Pace of IoT innovation adds to security woes, says survey
5G will drive adoption of IoT, Ericsson claims

Pace of IoT innovation adds to security woes, says survey

Nearly three quarters (72 percent) of senior IT professionals say that the pace of innovation in IoT and varying standards for security are making it hard to ensure that IoT devices and apps remain secure.

That’s according to a study sponsored by risk management consultancy Shared Assessments and conducted independently by research organization Ponemon Institute.

Ponemon Institute surveyed 553 individuals who had a role in the risk management process and are familiar with the use of IoT devices in their organizations. It was clear that these IT professionals were aware of the IoT security risks – with 94 percent of them stating that it was ‘very likely’, ‘somewhat likely’ or ‘likely’ that a security incident relating to unsecured IoT devices or applications could be “catastrophic”.

Read more: ENISA works with industry on IoT cybersecurity requirements

A question of priorities?

However, 42 percent of respondents said that their organisation found it difficult to manage the complexities of IoT platforms because of the number of vendors, while more than three-quarters (76 percent) said their company did not include the secure use of IoT devices in training or awareness programs and more than two-thirds (68 percent) said their business did not evaluate the IoT security risks as part of the on-boarding process for third parties.

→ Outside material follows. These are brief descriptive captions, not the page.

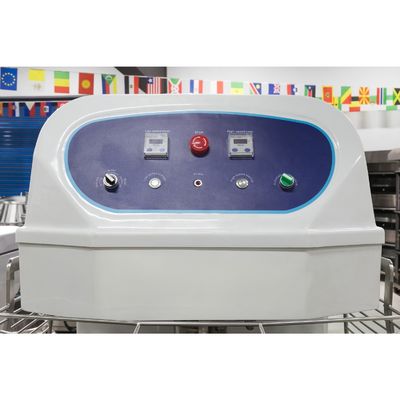 20L 30L 40L kleine spiraalvormige deegmixer voor de keuken roestvrijstalen bakkerijmixer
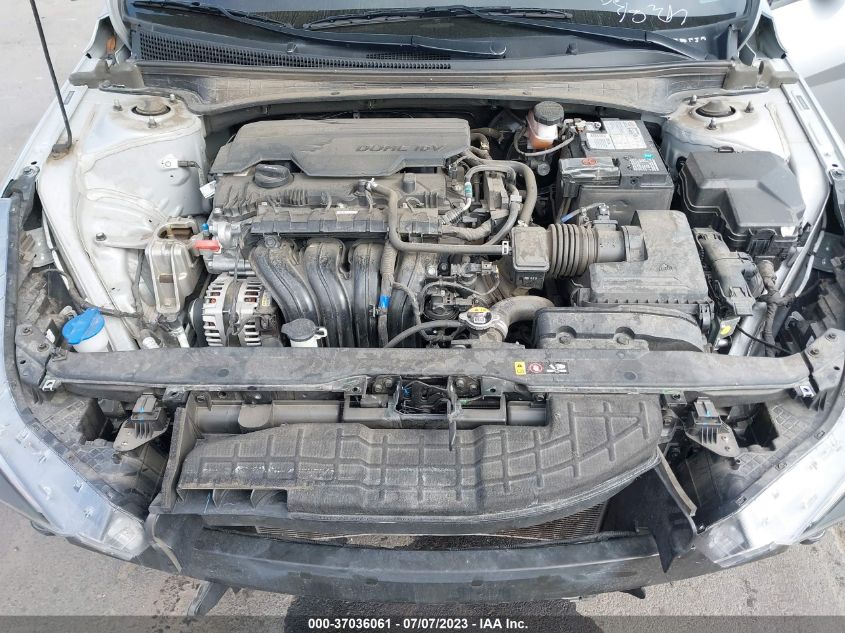 2021 HYUNDAI ELANTRA SEL - 5NPLM4AGXMH045122
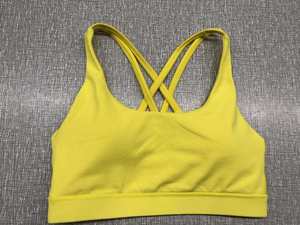Soutien-gorge de sport pour femme Getro Sports, marque privée, maintien élevé, écologique, respirant, anti-humidité, en tissu Spandex/Nylon - Product Image 3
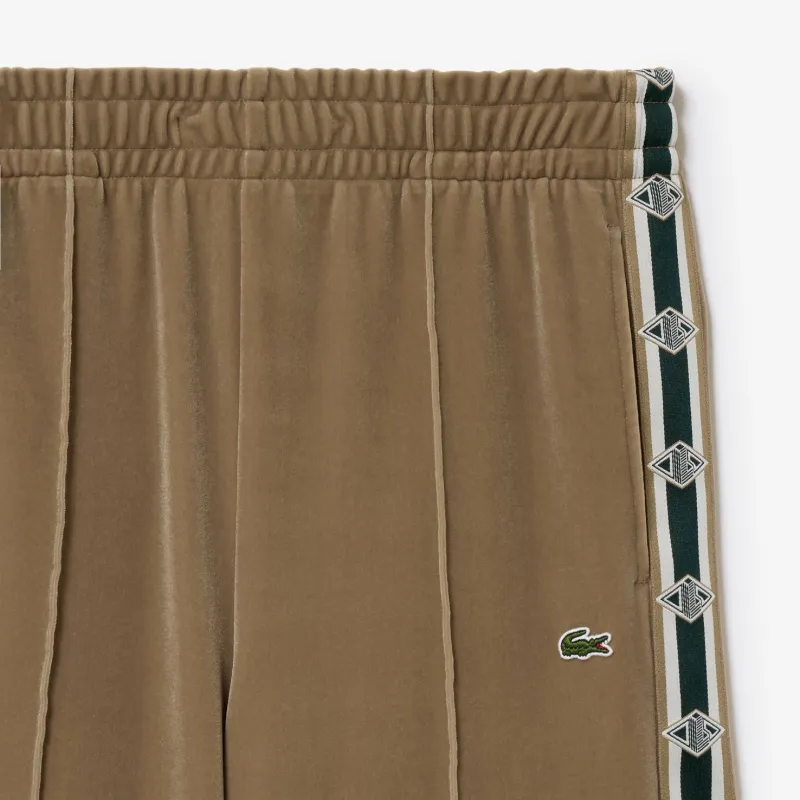 LACOSTE Casual Pants Women's Light Brown-3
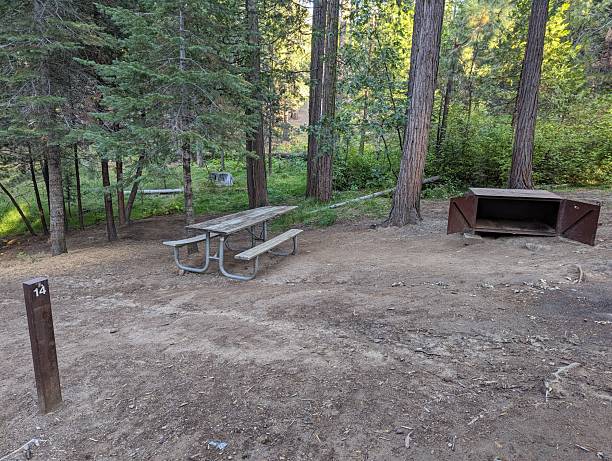 istock Camp sight in the fall at Yosemite National Park 2227411627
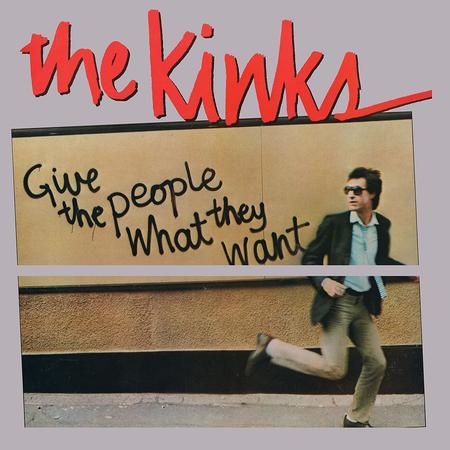 THE KINKS 'GIVE THE PEOPLE WHAT THEY WANT' ANNIVERSARY EDITION LP - CLEAR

The research found that their approaches don’t take innovation into account. More than half (55 percent) of respondents considered IoT devices to be endpoints to their network or enterprise systems, but only 44 percent said their organizations monitored the risk of IoT devices used in the workplace.

In fact, only 16 percent of those surveyed said their organizations kept an inventory of managed IoT devices and applications. When asked why, the main reasons given were that there was no centralized control over IoT devices and applications used in the workplace (85 percent), there was a lack of resources to track IoT (56 percent), or that it simply wasn’t a priority (41 percent).

This suggests that many organisations are still relying on legacy security methods to protect their network from insecure IoT devices or applications. Traditional network firewalls (94 percent), anti-malware software (91 percent) and intrusion prevention systems (78 percent) were the top three ways respondents said their organizations protected their network from insecure IoT devices and apps. The report suggests that businesses needed to look at new IoT security innovations.

Read more: No more security through obscurity for IoT device makers

The four ‘v’s’ that equal vulnerability

There are numerous IoT management products available from the biggest vendors such as Google, Amazon and Microsoft, as well as start-ups, with an increasing number of new IoT products available on the market. However, despite the rise of internet-connected devices and innovation in products to manage these devices, Rob Bamforth, analyst at IT advisory company Quocirca, doesn’t believe that it is the pace of innovation that is making it difficult for enterprises to beef up their IoT security practices.

Instead, he suggests that enterprises have to contend with several different types of problems all at once, which make it tougher to ensure that their IoT devices and apps are secure.

This includes the volume of devices, the variety of applications, the velocity of data and the veracity of users.

“In big data, those four ‘v’s’ add up to ‘value’ – but in IoT they add up to ‘vulnerability,” he says.